Hablando de granadas, Pierre-Auguste Renoir pintó en un bodegón la hortaliza que nos ocupa junto a dos granadas en 1890. Su interpretación impresionista nos muestra una coliflor mullidita, casi como un cojín. En el lienzo no se deja ver su alta cantidad de fibra, vitamina B6, vitamina C, ácido fólico y potasio, ni sus propiedades diuréticas, pero al mirarla obtenemos gran placer estético, especialmente porque no nos llega su característico aroma. 

«Coliflor y granadas». Pierre-Auguste Renoir, óleo sobre lienzo, 1890.

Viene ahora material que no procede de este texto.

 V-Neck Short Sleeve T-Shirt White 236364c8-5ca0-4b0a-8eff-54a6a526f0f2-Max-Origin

Es un clásico que el olor a coliflor hervida nos traiga recuerdos, no de un patio de Sevilla donde madura el limonero, sino más bien de una portería en penumbra donde una radio emite cancionero español. Ojo, que la nostalgia se cuela por cualquier grieta y pronto esa asociación antes denostada hará que se nos salten las lágrimas al recordar la casa de nuestra tía favorita donde íbamos algunas tardes a merendar pan con Nocilla bicolor. Aunque, al menos para mí, la leyenda estigmatizada del olor a coliflor hervida en las porterías es más un recuerdo literario que vivido. Era sobre todo el repollo, ese primo hermano de la coliflor, el que excitaba nuestras pituitarias en los portales de algunos edificios. Por estos lares ibéricos siempre hemos sido más repolludos, y en eso estamos hermanados con Europa del Este, a juzgar por las muchas recetas de su gastronomía en las que las hojas del repollo se emplean como envoltorio para la carne picada y otras delicias.  

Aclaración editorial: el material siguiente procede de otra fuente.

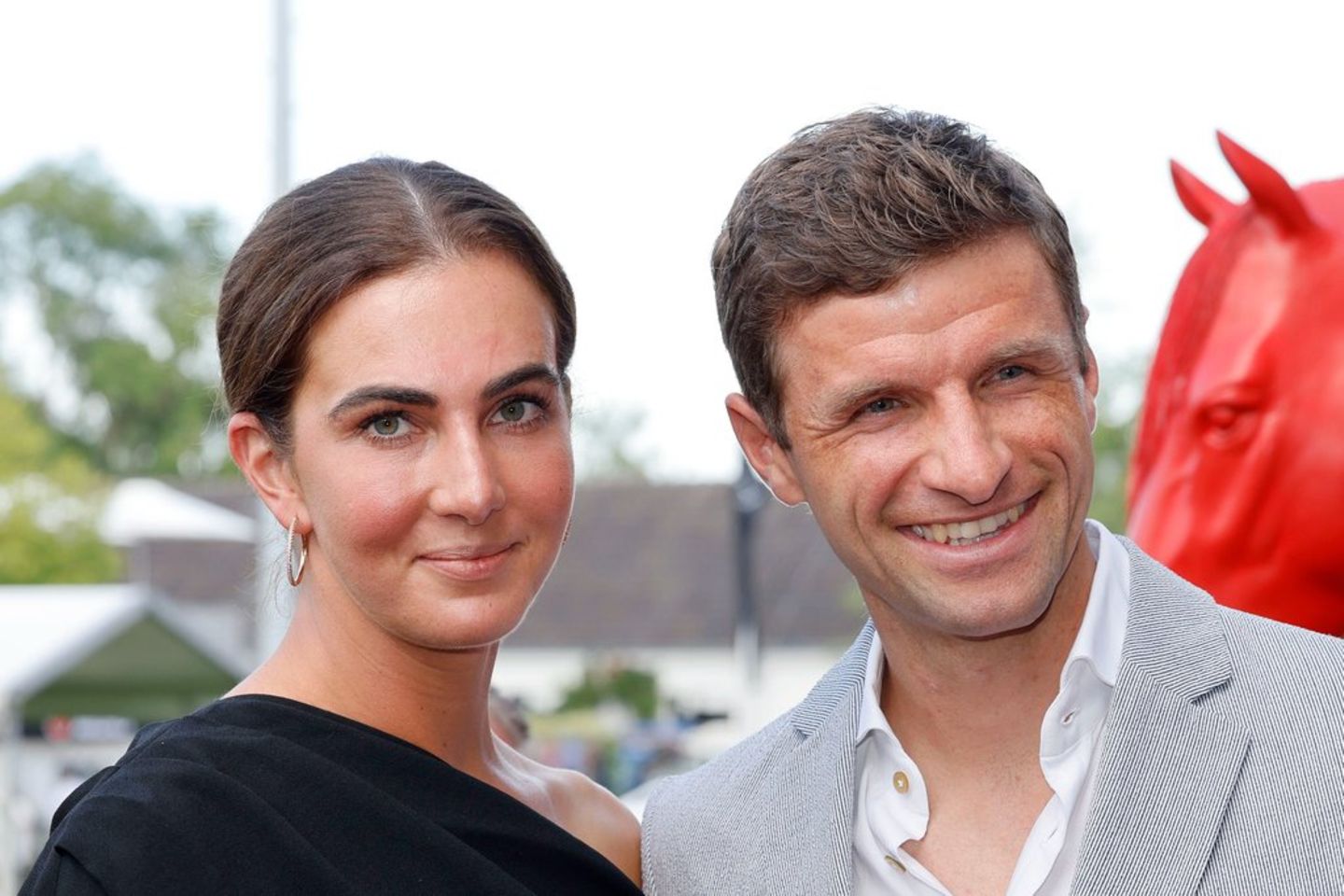 Thomas und Lisa Müller: Doku beleuchtet Strapazen für ihre Ehe | GALA.de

Asumámoslo: esa coliflor simbólica del pasado queda tan lejos como nuestra niñez. Mientras nosotros aprendíamos a vivir, la coliflor iba evolucionando para darnos placeres adultos. Ahora no sólo se presenta blandurria por haber hervido demasiado rato, sino que se emplea como revolucionaria masa de pizza, anunciada en videos trepidantes de recetas sanas a cargo de creadores de tendencias gastronómicas (obsérvese el rodeo que doy con tal de no escribir el término «influencers»). Yo ya tengo guardadas varias recetas, tanto de colipizza como de ensaladas de cuscús donde las bolitas de trigo han sido sustituidas por un desmigado de brassica oleracea que también se hace llamar «colirroz».

La coliflor de hoy tiene mucho mundo. Se ha ido de beca Erasmus a otros países, ha hecho prácticas en cocinas extranjeras y ha vuelto renovada para enseñarnos su versatilidad. O más bien somos nosotros, criaturas globalizadas, quienes hemos visto y vivido de todo, al menos en lo que respecta a lo culinario, y ya pedimos sin pudor una coliflor asada entera, chamuscadita por arriba, en restaurantes de cocina mediterránea. De Israel procede este invento, que no es sino una reinterpretación de la receta de la abuela del chef Eyal Shani, quien la popularizó desde su restaurante Miznon. En un video donde nos cuenta las claves de esta sencilla receta, lo vemos masajear la coliflor con aceite de oliva antes de meterla al horno con la misma delicadeza con la que acariciaría la cabeza de un bebé crecidito. Al terminar se la come con la mano, de tan apetecible, cosa que me lleva de inmediato a encender el horno a 220 grados para emularlo y preparar la mía. Gracias por existir, amiga coliflor.